- Opening Delimiter -

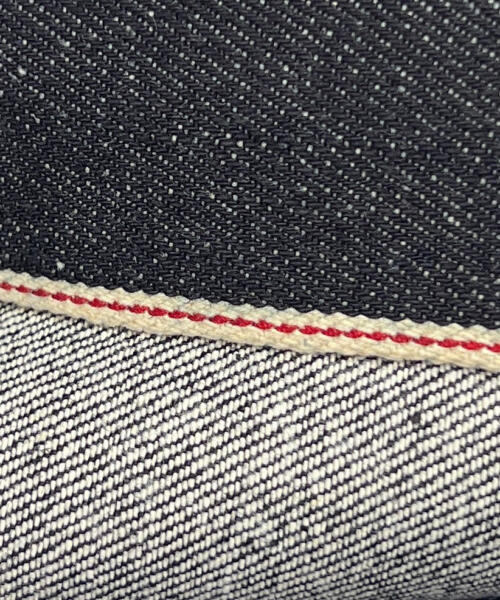 Japanese Selvedge Denim - 12 Ounce, 32.5" Wide, Dark Indigo - #S139 - denim fabrics fabric by LongLing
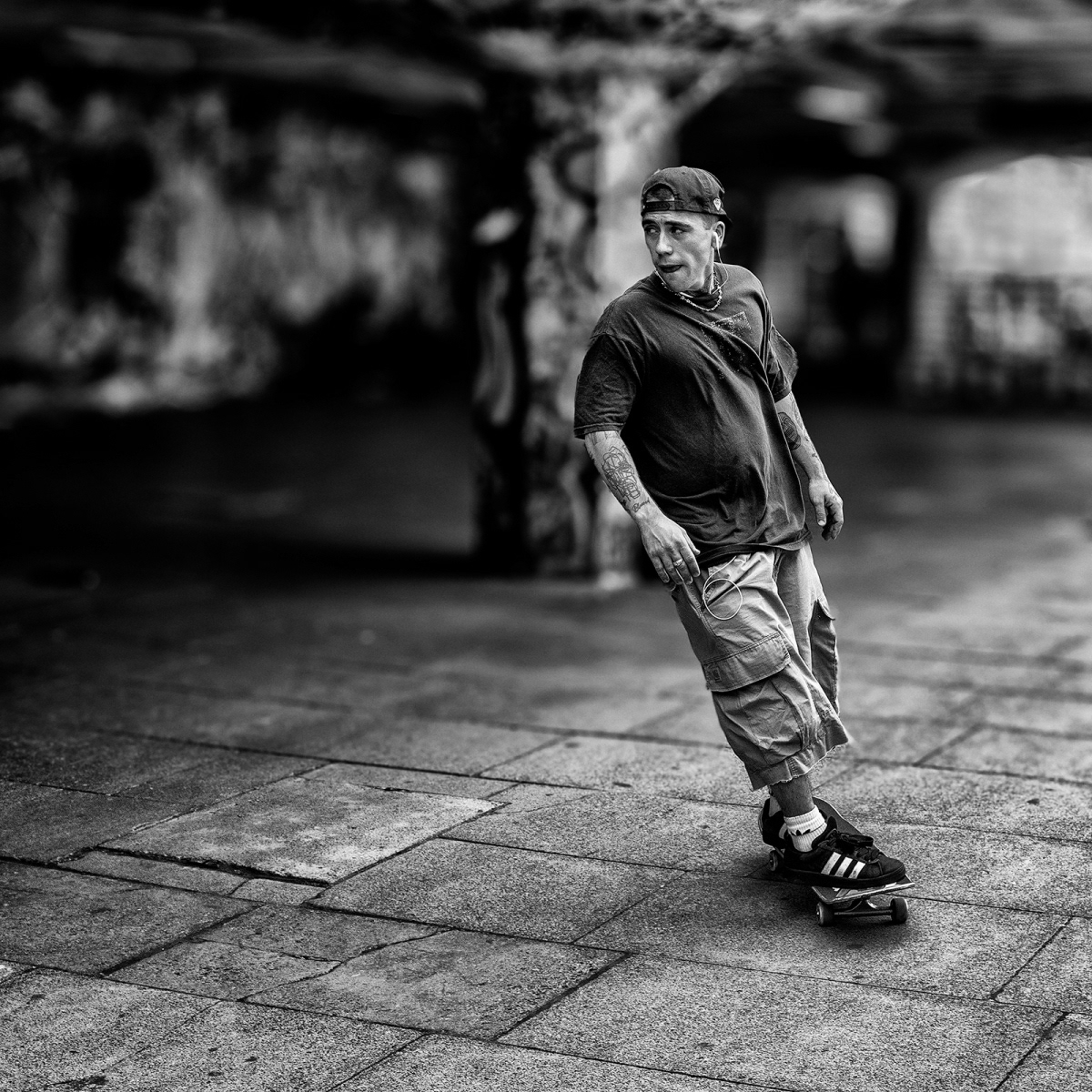 3rd - Skater Boy- David Feuerhelm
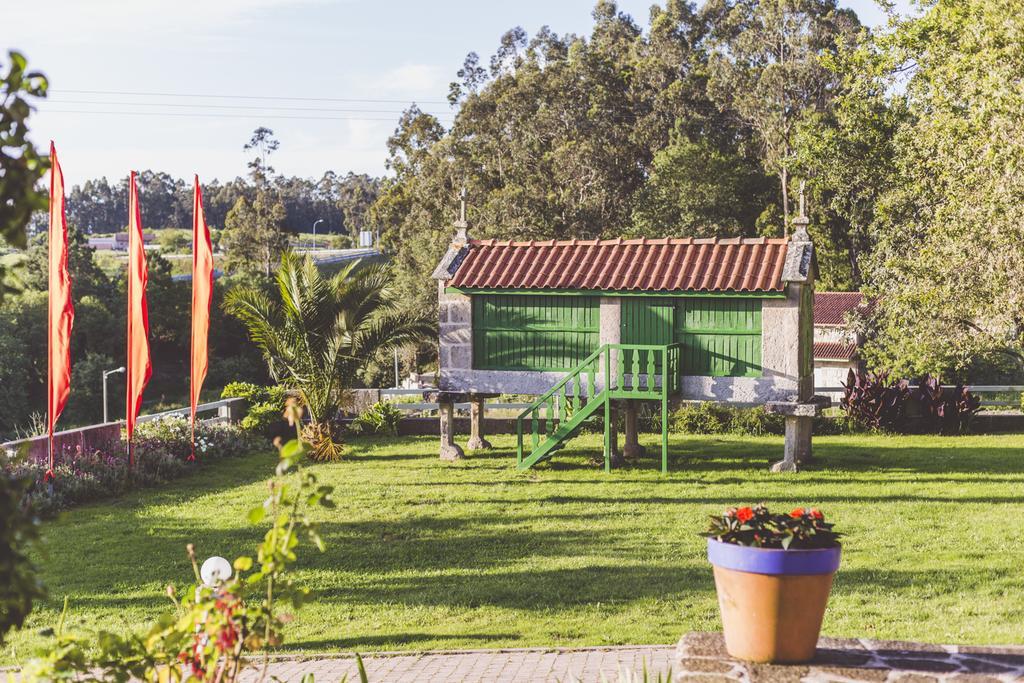 Quinta De San Amaro Rias Baixas Hotel Meano Exterior photo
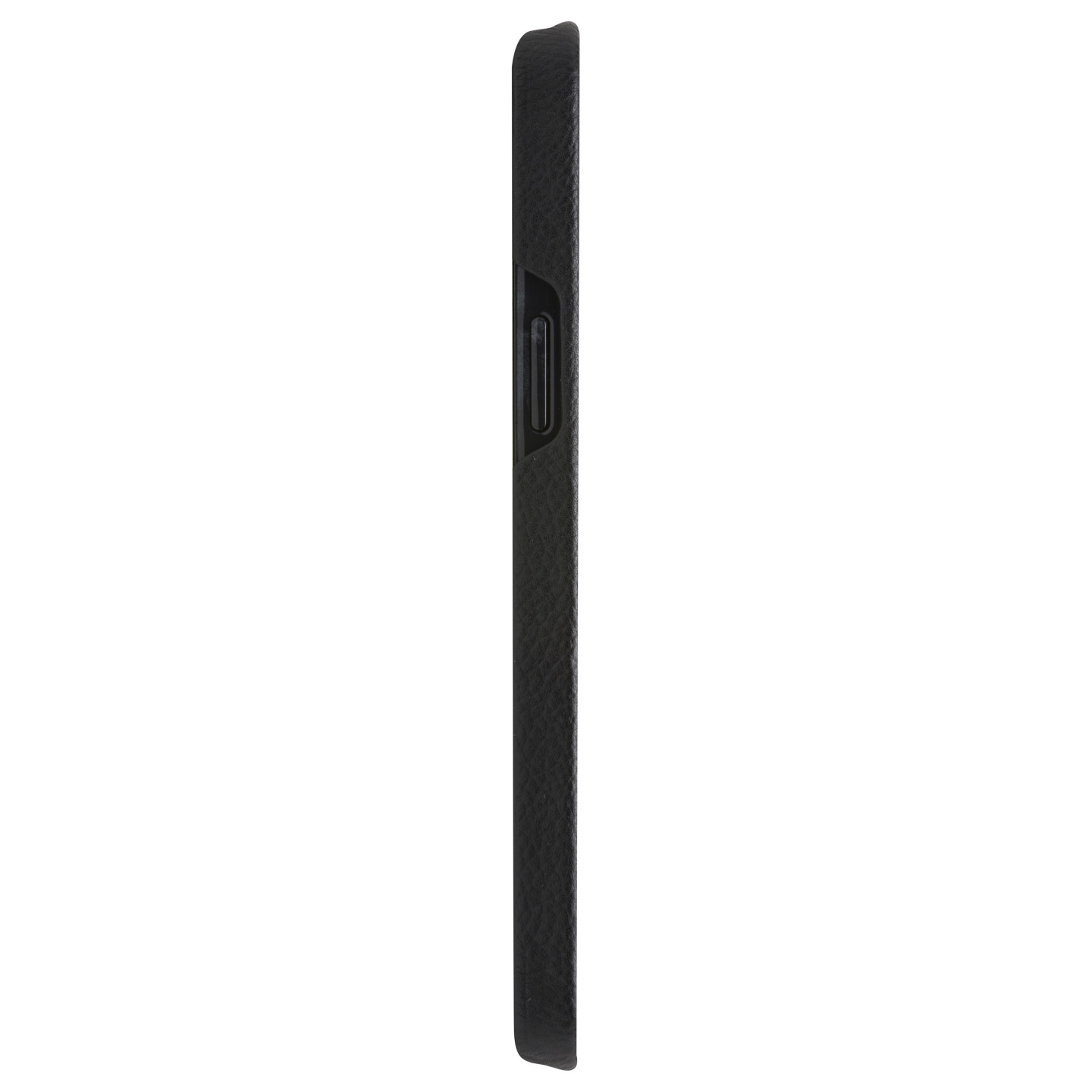 dbramante1928 New York - Flip-Hlle fr Mobiltelefon - 2-in-1 - Vollnarbenleder - Night Black - fr Apple iPhone 11. XR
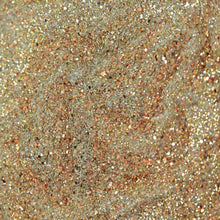 Load image into Gallery viewer, D 2931 Butterscotch Burst Nail Dipping Powder – 28gm | Golden Glitter Dip Powder | Nail Dipping System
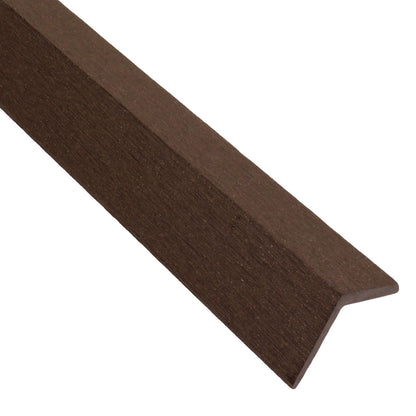 Corner Edge Trim for Composite Decking Board Patio Garden Veranda (3.66m) Corner Edge Trim for Composite Decking Board Patio Garden Veranda (3.66m)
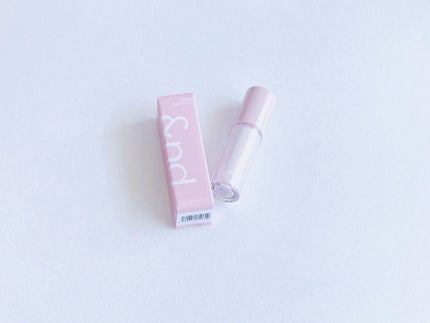 アンドバイロムアンド グラッシーアイグリッター/&nd by rom&nd/グリッターを使ったクチコミ(1枚目)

- Closing Delimiter -

### Work to complete
Take the records from their first line through the line containing "dbramante1928 New York" and please return exactly those lines, both ends included, minus the pictures.

### Your solution
 Japanese Selvedge Denim - 12 Ounce, 32.5" Wide, Dark Indigo - #S139 - denim fabrics fabric by LongLing
 3rd - Skater Boy- David Feuerhelm
 Quinta De San Amaro Rias Baixas Hotel Meano Exterior photo
 dbramante1928 New York - Flip-Hlle fr Mobiltelefon - 2-in-1 - Vollnarbenleder - Night Black - fr Apple iPhone 11. XR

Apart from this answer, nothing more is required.